[Exercise goal]:
Quote the records that follow in full and exactly; leave out the pictures.

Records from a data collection
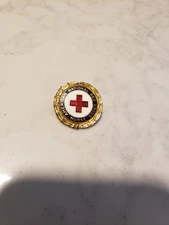 Vintage Red Cross Enamel Nurse Pin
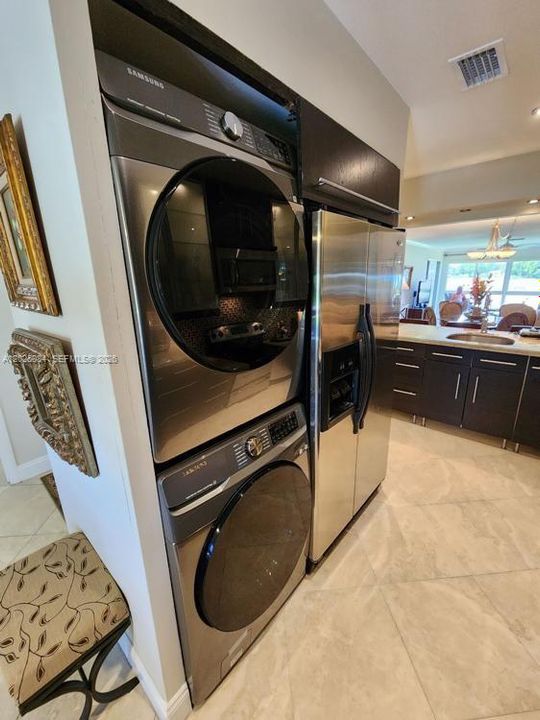 For Sale: $199,000 (2 beds, 2 baths, 1221 Square Feet)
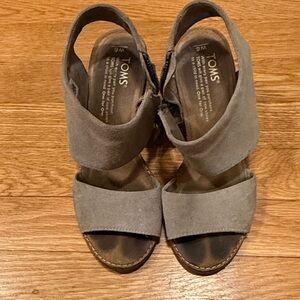 TOMS Women's Gray Open-Toe Sandals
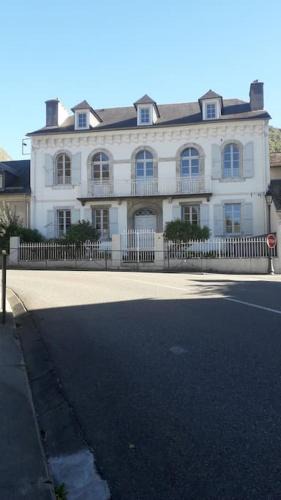 Luz-Saint-Sauveur Villa | Magnifique maison de maître du 18e avec jardin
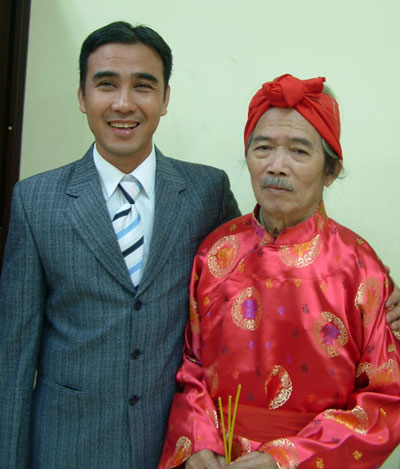 NSND Huỳnh Nga (phải)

[Written response]:
 Vintage Red Cross Enamel Nurse Pin
 For Sale: $199,000 (2 beds, 2 baths, 1221 Square Feet)
 TOMS Women's Gray Open-Toe Sandals
 Luz-Saint-Sauveur Villa | Magnifique maison de maître du 18e avec jardin
 NSND Huỳnh Nga (phải)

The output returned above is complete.